In this sense, initiatives like that of the Girl Scouts of America are crucial. At the request of its own members, the organisation has developed a program with the security company Palo Alto Networks to educate young people on basic computer concepts, cyberattacks and online security.
Sylvia Acevedo, CEO of GSUSA, told NBC in an interview that ”Protecting their identity online and knowing how to protect themselves when they're browsing and how to protect their computers and their family networks from being hacked are things that are of real interest to the girls”.
Being aware of the need to protect ourselves is not enough if we don’t have access to technological tools that allow us to do so.
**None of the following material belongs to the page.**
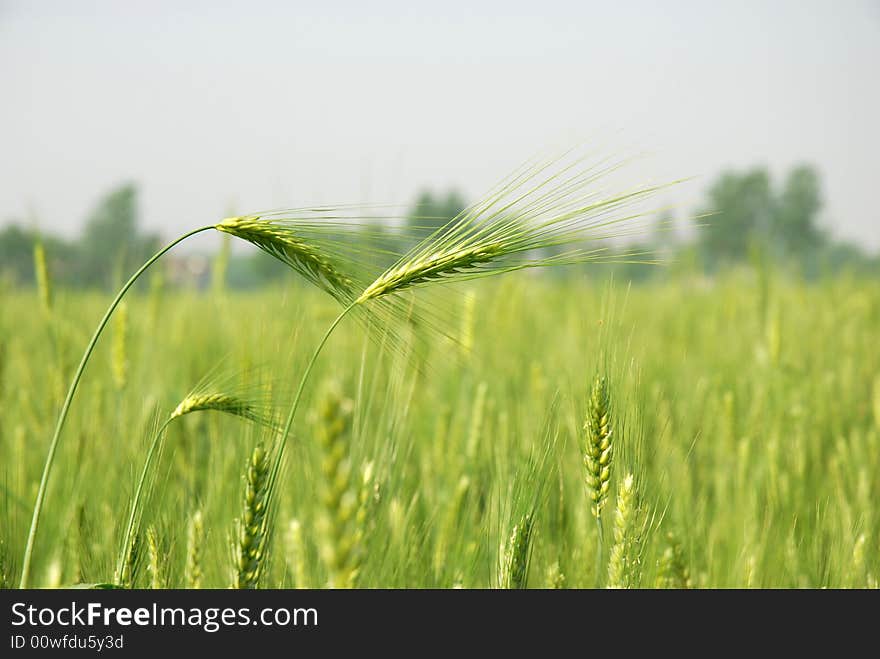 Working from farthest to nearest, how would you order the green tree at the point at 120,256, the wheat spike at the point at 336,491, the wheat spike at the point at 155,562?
the green tree at the point at 120,256 < the wheat spike at the point at 155,562 < the wheat spike at the point at 336,491

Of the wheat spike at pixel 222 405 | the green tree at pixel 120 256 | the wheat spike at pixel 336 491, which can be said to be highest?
the green tree at pixel 120 256

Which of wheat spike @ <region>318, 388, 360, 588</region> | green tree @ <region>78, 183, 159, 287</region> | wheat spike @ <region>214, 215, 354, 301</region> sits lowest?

Luckily, because of the constant research and development efforts of many companies, technology is increasingly secure and efficient when it comes to protecting our data and identity.
Specifically, there are three areas related to the verification of digital identity that are very effective in the fight against cybercrime.
Put simply, blockchain technology acts as a public digital register of operations, and is especially intriguing when it comes to the registration and control of financial transactions. Initially designed for bitcoins, today many companies and businesses are implementing it in order to improve the security and reliability of their operations.
Biometric technologies are increasingly used in identity verification systems, as identifying a user with their own body is the most secure way to prove that they are who they say they are. Furthermore, it makes the process quicker and more comfortable for the user.
Unique Digital Identity
In the past, MWC18 proposed an interesting idea: the creation of a unique digital identity for each user that can be accessed by financial entities, telecom companies and other business that need to prove their client’s identity to carry out an operation.
This initiative would be, or should be, under the control of the government to guarantee the security and transparency of data and data usage. In fact, a collaboration model of this style is being considered in the United States between the USAA (United Services Automobile Association) and the Federal Government.
In conclusion, the fight against cybercrime is not a computer problem. Companies can provide technology and tools to protect their users, but people also have a role to play in understanding and appropriately using the technology available to them.